Forty-eight hours after the arrest, it became apparent what the "deal of a lifetime" would involve. As Abdul-Alim awaited arraignment at the Springfield police station, Sheehan and Hisgen questioned him for about an hour. Abdul-Alim recalls Hisgen saying, "You may remember I called you about a year ago requesting a meeting to discuss possible information you may have that could be helpful, but you refused to meet with me. Maybe you'll be more willing to cooperate now." At this point, Abdul-Alim recognized Hisgen as the same man who had called him for months and attempted to search his mosque. He recounted these events to The Nation from behind a plexiglass barrier in Hampton County Jail.
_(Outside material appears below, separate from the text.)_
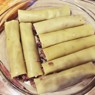Фотография рецепта Маникотти каннеллони c мясом и грибами автор Nataliya Leonova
Abdul-Alim, who had been convicted of dealing cocaine in 2003, assumed the interrogation regarded drugs or gangs. Hisgen allegedly said, "I'm not interested in that nickel and dime shit. I want the real shit. Like terrorism shit."
"They said that I was facing ten years, but I could walk away right now if I agreed to be an informant," recalls Abdul-Alim. "They said that they would give me the names of specific people who they wanted me to target, and I would use anti-government propaganda to incite them to violent action. They implied that they would provide me with guns and bombs to give people." Hisgen and Sheehan did not record the interrogation.
Abdul-Alim refused the deal and was held at the Hampden County Correctional Center for two and a half years awaiting trial. In December 2013, the prosecution introduced a new set of charges. Police officers claimed that, shortly after Abdul-Alim's arrest, they had conducted a search of the apartment complex he managed and discovered a bag of guns in an empty suite. "They supposedly sat on this information for two years, which is definitely very unusual," said Abdul-Alim's public defense attorney, Thomas Robinson.
In April 2014, a four-day trial began on the original gun charges but it was riddled with inconsistencies. The officers could not agree on simple details, including how many times they searched Abdul-Alim, or the location and time that they allegedly found the gun. The gun was originally described by police and a ballistic expert as a .22 revolver but later identified in court as a .25 semi-automatic pistol manufactured in 1908.
A police forensics analysis conducted three days after the arrest found that there were no fingerprints on the gun. In contradiction to police procedure, the arresting officers failed to retrieve surveillance videos of the arrest scene, wear gloves while handling the weapon, or write a complete police report.
In Court, Siham Stewart testified as an informant saying she had been paid by the police and the FBI but denied that the payments were related to Abdul-Alim. She said that, whenever she was short on rent money, she would call "Ron," referring to Officer Sheehan, and he would pay her in cash. Abdul-Alim says that Stewart convinced him to sign his bank accounts and store over to her while he was in jail. She sold the store, took his money, and left.